**Assigned task**
Word for word, transcribe the data below from the line with "Étiquette tissée sportive" to the line with "Caja #61 miscelaneo", keeping both of those lines.

**Source material**
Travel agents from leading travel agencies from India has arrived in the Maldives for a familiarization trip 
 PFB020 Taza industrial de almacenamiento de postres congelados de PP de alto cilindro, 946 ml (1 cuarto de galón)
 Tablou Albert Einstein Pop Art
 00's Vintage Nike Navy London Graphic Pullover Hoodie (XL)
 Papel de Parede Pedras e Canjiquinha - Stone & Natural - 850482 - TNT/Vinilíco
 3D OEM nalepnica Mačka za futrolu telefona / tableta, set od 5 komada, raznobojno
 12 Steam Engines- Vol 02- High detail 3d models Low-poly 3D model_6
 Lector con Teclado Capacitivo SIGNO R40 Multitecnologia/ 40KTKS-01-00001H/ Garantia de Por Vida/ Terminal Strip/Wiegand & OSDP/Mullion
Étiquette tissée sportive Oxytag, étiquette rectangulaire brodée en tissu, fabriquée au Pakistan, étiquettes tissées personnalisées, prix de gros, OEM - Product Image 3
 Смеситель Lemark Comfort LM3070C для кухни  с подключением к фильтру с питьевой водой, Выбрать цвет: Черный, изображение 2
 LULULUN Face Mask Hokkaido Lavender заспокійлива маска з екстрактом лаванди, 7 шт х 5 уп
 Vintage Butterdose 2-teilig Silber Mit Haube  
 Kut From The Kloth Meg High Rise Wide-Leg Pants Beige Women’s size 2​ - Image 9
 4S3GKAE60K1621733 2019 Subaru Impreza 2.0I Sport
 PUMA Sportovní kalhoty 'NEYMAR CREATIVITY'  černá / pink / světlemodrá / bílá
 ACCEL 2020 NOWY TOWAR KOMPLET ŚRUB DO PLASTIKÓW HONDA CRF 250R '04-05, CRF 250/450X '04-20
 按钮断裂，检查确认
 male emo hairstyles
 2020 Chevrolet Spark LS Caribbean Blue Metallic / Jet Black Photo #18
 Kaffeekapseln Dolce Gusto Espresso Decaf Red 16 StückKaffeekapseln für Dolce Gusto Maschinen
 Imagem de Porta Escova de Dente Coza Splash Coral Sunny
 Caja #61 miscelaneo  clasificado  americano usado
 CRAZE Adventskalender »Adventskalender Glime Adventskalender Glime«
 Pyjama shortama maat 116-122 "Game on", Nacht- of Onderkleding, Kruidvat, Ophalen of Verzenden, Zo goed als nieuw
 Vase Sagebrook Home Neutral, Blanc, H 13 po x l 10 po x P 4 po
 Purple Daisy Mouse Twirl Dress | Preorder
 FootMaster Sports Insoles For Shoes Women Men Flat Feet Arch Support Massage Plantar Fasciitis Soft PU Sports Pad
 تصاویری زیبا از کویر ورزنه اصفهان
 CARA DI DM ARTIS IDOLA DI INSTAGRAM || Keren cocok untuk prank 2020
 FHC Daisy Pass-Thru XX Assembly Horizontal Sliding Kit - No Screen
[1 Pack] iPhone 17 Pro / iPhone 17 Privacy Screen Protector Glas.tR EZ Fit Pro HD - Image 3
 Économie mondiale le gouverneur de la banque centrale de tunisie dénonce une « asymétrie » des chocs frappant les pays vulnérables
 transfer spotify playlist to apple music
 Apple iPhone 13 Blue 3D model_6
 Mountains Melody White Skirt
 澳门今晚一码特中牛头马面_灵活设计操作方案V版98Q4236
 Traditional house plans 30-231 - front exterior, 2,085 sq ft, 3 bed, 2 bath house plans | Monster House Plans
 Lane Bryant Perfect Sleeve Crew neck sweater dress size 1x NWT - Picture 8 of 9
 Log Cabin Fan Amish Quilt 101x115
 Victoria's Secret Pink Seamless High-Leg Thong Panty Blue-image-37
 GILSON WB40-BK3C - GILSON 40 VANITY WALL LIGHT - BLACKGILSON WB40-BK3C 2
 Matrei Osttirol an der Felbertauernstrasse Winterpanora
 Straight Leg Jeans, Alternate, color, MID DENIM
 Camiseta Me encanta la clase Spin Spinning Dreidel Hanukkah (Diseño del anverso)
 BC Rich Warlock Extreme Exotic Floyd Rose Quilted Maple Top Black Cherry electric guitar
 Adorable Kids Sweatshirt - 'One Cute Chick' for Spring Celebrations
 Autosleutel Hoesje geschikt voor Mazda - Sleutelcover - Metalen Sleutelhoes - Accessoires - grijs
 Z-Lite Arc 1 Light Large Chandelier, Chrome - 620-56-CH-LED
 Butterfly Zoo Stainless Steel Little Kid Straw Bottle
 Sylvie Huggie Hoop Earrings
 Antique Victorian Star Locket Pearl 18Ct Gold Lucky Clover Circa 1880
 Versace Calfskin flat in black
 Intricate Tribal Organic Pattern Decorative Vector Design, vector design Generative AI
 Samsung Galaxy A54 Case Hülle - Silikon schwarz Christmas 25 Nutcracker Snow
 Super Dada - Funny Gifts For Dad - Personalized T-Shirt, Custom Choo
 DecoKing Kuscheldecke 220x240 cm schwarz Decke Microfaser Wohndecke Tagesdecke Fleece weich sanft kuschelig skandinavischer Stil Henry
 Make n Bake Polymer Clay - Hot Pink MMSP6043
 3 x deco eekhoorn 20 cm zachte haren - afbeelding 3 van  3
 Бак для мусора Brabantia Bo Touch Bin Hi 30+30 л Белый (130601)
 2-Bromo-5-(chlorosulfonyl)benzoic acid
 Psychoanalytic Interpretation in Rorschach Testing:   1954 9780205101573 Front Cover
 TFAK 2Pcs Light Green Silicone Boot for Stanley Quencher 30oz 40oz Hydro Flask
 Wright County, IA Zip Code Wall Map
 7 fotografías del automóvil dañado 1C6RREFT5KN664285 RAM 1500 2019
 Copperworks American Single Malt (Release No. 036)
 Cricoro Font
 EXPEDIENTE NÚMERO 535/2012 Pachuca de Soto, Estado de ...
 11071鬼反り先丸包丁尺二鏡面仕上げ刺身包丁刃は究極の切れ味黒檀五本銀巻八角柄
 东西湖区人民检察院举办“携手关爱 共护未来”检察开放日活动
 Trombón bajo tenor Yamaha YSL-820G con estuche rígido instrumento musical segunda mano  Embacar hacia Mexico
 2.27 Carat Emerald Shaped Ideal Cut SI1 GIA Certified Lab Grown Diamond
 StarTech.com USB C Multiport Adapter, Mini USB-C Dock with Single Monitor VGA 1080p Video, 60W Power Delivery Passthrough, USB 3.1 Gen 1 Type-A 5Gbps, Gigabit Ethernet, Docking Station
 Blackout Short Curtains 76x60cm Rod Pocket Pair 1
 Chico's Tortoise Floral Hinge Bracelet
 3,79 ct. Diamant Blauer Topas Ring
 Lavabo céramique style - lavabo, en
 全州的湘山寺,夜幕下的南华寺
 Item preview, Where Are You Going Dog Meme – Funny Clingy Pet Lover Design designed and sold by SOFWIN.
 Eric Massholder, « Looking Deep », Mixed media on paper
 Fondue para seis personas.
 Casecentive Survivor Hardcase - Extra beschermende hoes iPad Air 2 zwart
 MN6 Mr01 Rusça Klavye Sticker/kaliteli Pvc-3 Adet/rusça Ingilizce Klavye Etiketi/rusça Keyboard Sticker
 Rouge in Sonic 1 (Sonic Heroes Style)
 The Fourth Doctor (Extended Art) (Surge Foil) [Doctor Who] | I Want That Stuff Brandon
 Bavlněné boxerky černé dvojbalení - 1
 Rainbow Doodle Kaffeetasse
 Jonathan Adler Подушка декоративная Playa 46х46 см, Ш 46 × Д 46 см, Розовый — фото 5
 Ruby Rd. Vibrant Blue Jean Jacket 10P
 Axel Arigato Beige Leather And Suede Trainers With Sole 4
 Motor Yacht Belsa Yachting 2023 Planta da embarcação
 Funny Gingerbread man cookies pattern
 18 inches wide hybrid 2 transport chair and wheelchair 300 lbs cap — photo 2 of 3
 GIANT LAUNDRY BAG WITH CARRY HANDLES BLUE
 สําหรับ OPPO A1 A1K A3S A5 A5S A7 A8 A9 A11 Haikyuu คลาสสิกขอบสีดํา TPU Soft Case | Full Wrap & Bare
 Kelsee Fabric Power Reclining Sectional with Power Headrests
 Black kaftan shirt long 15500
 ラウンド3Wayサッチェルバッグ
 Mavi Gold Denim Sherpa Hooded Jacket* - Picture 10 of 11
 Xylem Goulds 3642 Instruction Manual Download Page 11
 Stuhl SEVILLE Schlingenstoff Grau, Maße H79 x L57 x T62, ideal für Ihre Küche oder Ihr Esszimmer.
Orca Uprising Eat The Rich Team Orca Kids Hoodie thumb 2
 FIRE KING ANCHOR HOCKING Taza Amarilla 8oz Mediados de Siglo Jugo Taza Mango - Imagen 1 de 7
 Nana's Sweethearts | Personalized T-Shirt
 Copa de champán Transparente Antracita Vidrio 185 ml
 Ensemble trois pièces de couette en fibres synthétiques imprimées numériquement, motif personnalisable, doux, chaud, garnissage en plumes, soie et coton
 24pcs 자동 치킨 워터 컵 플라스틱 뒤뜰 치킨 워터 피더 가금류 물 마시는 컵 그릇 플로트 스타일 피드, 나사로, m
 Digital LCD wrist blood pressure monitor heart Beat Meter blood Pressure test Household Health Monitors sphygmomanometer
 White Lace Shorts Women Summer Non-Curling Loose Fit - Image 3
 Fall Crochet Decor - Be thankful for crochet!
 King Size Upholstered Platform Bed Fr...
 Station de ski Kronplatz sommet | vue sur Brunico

**Answer to this task**
Étiquette tissée sportive Oxytag, étiquette rectangulaire brodée en tissu, fabriquée au Pakistan, étiquettes tissées personnalisées, prix de gros, OEM - Product Image 3
 Смеситель Lemark Comfort LM3070C для кухни  с подключением к фильтру с питьевой водой, Выбрать цвет: Черный, изображение 2
 LULULUN Face Mask Hokkaido Lavender заспокійлива маска з екстрактом лаванди, 7 шт х 5 уп
 Vintage Butterdose 2-teilig Silber Mit Haube  
 Kut From The Kloth Meg High Rise Wide-Leg Pants Beige Women’s size 2​ - Image 9
 4S3GKAE60K1621733 2019 Subaru Impreza 2.0I Sport
 PUMA Sportovní kalhoty 'NEYMAR CREATIVITY'  černá / pink / světlemodrá / bílá
 ACCEL 2020 NOWY TOWAR KOMPLET ŚRUB DO PLASTIKÓW HONDA CRF 250R '04-05, CRF 250/450X '04-20
 按钮断裂，检查确认
 male emo hairstyles
 2020 Chevrolet Spark LS Caribbean Blue Metallic / Jet Black Photo #18
 Kaffeekapseln Dolce Gusto Espresso Decaf Red 16 StückKaffeekapseln für Dolce Gusto Maschinen
 Imagem de Porta Escova de Dente Coza Splash Coral Sunny
 Caja #61 miscelaneo  clasificado  americano usado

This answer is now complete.